As for saying do, or do not use manual therapy, with or without exercise or education. Well again you can argue the toss as much as you like, they are simply saying the same thing differently again. OK the emphasis on do or do not is the key difference here, but as I’ve openly, clearly, and transparently stated many times before I do object to the over hype, over use, and over reliance on all manual therapy by physiotherapists, especially in low back pain, which in the grand scheme of things offers very little other than some short lasting, small pain reducing effects, for some, and lets not forget it also has many iatrogenic risks as well.
So again I will be clear and state that my emphasis/bais is not to routinely offer manual therapy to patients, and I guess this is why I worded as such in my summary chart. But to state this is for my own benefit or gain is just ridiculous. Do people really think I gain benefit from or enjoy finding ways to deliberately antagonise and irritate the skin draggers, fascial releasers, and joint crackers out there, enduring their persistent whining and moaning about how unfair, mean, and closed minded I am… Well ok I do a little bit, but seriously it ain’t all a barrel of laughs I can assure you!
Also just because I am not an advocate of manual therapy it does not mean that I think or expressly state that it has absolutely no place or benefit for anyone at all. Believe it or not I’ve used the odd bit of manual therapy from time to time… I used some in November… in 2009… I pushed a stiff shoulder joint backwards a little bit… it kinda helped… I think… for a few minutes!
However, joking aside when I do use manual therapy, just as the guidelines state it most certainly is only ever with exercise or education, and only because the patient has expressed high expectations or preferences for it, and only then if I think it will not cause a loss of self efficacy, or develop a reliance, or reinforce any false or negative beliefs.
I personally think the recent NICE guidelines for low back pain and sciatica are a triumph for sicence and evidence based practice at last, and all those involved with them should be proud. I’m also glad that this little spat with Alan, and these summary charts of ours has perhaps made a few more people go and read them. I think they offer a clear, simple framework for healthcare professionals to follow when dealing with patients with back pain and sciatica, and I still think my summary chart is a fair interpretation of the key points they make, but hey i’m biased!

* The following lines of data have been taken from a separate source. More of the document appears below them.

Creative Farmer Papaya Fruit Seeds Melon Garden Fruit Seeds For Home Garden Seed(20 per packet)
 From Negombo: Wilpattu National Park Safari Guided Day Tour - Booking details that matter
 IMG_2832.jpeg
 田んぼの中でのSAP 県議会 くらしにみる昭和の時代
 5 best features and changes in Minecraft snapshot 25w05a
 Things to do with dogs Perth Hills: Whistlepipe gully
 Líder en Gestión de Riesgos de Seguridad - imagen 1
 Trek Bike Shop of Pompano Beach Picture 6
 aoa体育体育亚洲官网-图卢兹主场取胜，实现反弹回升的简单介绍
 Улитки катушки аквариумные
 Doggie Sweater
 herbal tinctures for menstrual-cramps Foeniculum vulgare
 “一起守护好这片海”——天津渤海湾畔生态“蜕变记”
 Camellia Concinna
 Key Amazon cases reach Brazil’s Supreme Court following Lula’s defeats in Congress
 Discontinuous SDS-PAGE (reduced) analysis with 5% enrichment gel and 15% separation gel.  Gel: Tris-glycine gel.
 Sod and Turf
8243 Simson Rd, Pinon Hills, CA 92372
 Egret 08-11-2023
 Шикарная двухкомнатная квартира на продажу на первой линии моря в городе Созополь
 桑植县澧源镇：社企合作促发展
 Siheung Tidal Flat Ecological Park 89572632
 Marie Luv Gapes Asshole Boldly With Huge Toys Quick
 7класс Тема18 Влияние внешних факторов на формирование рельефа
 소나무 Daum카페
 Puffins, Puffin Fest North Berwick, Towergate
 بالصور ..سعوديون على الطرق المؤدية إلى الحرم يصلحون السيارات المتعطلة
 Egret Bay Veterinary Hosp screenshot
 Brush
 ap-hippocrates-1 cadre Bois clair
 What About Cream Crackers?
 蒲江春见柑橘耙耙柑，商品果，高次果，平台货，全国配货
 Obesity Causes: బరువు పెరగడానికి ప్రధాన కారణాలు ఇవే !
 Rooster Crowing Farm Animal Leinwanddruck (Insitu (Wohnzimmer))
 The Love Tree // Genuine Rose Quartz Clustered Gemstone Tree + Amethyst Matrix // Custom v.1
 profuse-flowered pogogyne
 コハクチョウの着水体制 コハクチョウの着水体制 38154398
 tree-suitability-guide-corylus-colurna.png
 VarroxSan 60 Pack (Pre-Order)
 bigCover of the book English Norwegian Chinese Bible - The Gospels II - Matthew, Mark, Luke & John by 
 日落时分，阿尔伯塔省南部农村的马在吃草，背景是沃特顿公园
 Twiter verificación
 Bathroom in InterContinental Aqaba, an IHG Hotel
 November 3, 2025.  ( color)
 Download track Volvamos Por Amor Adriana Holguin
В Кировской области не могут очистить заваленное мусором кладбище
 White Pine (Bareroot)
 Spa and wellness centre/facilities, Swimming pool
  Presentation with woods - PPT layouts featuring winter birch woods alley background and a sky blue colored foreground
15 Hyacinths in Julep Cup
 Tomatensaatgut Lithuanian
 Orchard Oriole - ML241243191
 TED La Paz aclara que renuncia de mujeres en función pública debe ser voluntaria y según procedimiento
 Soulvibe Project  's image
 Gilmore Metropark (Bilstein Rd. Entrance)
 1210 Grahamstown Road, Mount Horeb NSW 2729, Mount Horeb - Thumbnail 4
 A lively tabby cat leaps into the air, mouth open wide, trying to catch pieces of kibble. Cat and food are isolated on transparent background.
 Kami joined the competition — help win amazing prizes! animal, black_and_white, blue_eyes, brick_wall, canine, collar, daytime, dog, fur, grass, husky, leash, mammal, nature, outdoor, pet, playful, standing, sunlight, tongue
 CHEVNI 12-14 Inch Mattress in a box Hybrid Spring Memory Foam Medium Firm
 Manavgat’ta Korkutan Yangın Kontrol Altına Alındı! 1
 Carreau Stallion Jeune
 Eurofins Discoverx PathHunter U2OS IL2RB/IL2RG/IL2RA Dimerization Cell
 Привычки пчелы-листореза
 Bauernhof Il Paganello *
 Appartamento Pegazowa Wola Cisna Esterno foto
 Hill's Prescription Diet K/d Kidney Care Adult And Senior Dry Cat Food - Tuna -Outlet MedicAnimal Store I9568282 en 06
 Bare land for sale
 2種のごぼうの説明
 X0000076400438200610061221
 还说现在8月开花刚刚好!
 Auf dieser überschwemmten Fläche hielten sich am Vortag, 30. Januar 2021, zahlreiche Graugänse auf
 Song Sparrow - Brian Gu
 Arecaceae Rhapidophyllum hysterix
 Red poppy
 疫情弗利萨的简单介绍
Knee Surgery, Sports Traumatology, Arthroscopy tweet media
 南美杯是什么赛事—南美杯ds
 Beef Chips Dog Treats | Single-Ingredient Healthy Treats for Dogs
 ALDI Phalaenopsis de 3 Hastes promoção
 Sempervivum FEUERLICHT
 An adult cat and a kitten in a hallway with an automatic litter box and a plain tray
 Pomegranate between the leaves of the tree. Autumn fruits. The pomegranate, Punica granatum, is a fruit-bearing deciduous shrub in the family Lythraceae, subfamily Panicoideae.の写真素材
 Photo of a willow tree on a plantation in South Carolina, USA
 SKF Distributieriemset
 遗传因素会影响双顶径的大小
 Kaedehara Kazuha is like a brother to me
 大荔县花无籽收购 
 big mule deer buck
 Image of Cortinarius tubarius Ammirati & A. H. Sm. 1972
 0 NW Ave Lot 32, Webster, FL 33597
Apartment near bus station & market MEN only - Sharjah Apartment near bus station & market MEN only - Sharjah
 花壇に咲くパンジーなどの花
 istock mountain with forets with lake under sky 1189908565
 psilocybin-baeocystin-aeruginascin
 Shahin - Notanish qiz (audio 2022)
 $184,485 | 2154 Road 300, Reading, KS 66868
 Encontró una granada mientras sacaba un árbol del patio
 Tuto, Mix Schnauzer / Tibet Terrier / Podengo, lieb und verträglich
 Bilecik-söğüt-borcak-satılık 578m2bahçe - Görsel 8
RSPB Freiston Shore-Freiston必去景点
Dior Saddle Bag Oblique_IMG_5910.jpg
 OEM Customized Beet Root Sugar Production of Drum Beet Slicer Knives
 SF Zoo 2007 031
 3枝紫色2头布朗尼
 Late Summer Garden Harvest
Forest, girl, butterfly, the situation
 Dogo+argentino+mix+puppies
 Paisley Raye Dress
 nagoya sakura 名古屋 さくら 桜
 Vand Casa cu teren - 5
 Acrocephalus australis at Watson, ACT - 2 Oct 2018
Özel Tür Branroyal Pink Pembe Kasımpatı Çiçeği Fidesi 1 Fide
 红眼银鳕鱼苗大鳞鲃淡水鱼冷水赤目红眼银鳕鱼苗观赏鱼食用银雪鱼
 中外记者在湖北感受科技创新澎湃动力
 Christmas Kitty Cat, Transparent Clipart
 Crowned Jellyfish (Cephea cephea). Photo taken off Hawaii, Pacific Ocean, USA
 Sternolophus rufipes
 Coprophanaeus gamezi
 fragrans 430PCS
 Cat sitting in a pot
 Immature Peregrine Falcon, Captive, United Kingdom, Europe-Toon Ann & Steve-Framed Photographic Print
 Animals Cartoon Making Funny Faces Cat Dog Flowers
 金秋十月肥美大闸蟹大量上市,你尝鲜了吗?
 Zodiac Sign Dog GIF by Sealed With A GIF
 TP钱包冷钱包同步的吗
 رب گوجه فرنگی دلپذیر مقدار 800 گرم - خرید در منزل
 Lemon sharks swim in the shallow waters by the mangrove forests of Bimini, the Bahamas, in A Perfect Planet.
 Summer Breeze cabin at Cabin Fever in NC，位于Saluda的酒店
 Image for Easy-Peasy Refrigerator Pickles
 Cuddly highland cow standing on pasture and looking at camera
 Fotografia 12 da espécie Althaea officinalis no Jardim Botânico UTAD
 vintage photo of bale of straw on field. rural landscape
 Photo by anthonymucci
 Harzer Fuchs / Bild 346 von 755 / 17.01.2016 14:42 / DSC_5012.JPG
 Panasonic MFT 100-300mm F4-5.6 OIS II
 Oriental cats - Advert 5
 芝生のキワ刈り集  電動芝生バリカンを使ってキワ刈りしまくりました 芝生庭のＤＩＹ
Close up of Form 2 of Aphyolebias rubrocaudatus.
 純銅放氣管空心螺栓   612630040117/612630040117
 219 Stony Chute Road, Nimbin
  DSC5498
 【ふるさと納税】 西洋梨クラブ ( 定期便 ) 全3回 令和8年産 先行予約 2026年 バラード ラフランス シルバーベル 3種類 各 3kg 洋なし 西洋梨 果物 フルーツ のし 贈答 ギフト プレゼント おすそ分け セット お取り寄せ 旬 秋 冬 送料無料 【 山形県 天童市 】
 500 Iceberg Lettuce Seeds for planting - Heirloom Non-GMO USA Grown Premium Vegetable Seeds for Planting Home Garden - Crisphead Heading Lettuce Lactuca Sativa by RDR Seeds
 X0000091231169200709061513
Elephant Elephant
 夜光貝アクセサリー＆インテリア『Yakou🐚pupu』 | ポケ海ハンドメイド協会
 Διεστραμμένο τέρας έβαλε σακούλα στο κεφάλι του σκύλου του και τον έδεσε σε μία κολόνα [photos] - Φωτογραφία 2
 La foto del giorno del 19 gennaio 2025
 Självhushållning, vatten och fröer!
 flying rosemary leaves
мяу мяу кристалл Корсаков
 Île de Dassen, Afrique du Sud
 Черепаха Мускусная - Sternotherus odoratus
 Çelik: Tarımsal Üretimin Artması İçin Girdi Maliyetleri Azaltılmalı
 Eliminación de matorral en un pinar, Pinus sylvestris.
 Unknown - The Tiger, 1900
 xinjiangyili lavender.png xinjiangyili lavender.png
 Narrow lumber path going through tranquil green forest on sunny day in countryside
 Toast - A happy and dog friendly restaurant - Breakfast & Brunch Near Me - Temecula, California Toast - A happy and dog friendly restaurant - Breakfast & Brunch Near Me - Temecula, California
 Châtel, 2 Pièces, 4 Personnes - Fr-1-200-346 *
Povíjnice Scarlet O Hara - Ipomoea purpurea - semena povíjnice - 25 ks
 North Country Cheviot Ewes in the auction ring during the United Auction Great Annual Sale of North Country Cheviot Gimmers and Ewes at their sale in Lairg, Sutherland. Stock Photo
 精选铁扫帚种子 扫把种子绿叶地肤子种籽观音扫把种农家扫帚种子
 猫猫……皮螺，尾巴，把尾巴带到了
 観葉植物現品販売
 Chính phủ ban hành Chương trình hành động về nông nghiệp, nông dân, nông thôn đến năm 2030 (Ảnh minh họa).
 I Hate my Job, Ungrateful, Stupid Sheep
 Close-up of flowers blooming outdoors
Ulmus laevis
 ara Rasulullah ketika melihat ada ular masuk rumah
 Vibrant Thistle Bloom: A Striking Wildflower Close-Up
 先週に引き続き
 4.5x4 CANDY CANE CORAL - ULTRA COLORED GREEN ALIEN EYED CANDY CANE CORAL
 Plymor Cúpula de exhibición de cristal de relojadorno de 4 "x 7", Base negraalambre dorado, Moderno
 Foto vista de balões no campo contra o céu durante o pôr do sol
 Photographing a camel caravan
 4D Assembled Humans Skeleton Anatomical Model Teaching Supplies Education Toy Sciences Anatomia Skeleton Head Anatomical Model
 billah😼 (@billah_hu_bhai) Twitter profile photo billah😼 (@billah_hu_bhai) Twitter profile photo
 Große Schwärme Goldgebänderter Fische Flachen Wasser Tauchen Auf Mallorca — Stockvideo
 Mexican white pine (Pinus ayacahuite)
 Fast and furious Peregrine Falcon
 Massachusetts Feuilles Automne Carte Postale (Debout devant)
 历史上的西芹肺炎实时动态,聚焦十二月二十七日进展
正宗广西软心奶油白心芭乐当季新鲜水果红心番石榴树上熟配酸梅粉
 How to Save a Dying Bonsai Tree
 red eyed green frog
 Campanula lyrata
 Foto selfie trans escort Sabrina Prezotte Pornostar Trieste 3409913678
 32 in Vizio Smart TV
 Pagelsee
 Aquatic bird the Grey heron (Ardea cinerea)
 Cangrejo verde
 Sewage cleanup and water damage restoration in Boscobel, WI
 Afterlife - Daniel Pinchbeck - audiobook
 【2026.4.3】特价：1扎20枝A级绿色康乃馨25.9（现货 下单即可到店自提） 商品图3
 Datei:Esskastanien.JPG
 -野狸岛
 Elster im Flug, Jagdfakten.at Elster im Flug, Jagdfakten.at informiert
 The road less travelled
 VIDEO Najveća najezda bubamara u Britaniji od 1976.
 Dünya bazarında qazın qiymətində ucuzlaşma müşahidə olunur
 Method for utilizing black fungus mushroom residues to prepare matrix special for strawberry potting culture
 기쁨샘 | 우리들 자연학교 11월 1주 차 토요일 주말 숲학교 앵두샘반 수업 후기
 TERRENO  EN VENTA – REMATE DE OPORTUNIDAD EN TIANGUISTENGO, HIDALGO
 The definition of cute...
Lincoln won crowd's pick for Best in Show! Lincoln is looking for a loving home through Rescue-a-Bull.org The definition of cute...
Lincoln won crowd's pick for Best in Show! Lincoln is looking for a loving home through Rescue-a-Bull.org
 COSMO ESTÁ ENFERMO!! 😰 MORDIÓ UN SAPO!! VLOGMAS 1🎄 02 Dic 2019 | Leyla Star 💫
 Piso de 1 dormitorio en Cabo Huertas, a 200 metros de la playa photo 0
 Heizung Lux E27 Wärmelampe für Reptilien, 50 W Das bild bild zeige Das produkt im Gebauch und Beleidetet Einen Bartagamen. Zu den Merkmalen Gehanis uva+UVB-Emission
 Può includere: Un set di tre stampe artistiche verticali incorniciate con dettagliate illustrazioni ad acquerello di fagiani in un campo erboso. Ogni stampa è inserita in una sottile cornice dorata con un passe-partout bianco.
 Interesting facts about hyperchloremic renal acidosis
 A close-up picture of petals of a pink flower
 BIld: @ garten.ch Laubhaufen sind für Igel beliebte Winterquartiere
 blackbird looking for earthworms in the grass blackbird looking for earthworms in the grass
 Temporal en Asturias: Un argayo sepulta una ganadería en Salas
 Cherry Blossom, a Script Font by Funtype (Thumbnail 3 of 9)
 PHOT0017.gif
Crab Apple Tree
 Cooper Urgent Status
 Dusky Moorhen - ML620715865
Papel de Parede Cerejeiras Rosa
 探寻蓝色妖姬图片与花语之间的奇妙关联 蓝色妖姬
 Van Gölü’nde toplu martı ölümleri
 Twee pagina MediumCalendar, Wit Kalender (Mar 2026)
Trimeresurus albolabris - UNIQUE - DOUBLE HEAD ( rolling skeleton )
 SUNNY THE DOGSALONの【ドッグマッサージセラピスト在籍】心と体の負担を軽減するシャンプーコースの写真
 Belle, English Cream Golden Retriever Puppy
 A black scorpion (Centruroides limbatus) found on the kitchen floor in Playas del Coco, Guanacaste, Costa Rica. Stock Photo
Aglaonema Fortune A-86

Lets also not forget that these are only guidelines, and so are going to be open to everyones interpretation. Exercise advocates will focus on and emphasis the exercise bits (just to be clear again, I’m an exercise advocate). Manual therapy advocates will focus on and emphasis the manual therapy bits. Psychological advocates will focus on and emphasis the psychological bits. Acupuncture advocates will focus on and… oh hang on… no one really cares about what they think any more!
Finally, I will once again declare my preference and biases to all who care to read or listen to anything I have to say, that I will always be an advocate for, and will always promote active and educational interventions over any passive ones. And unless strong robust evidence tells me other wise, I will always continue to steer people away from all the passive interventions, such as manual therapy, electrotherapy, needles, tapes, braces, corsets, injections etc and direct them towards increased physical activity, behaviour and lifestyle changes, and ultimately self management.
And I will never, ever apologise for this.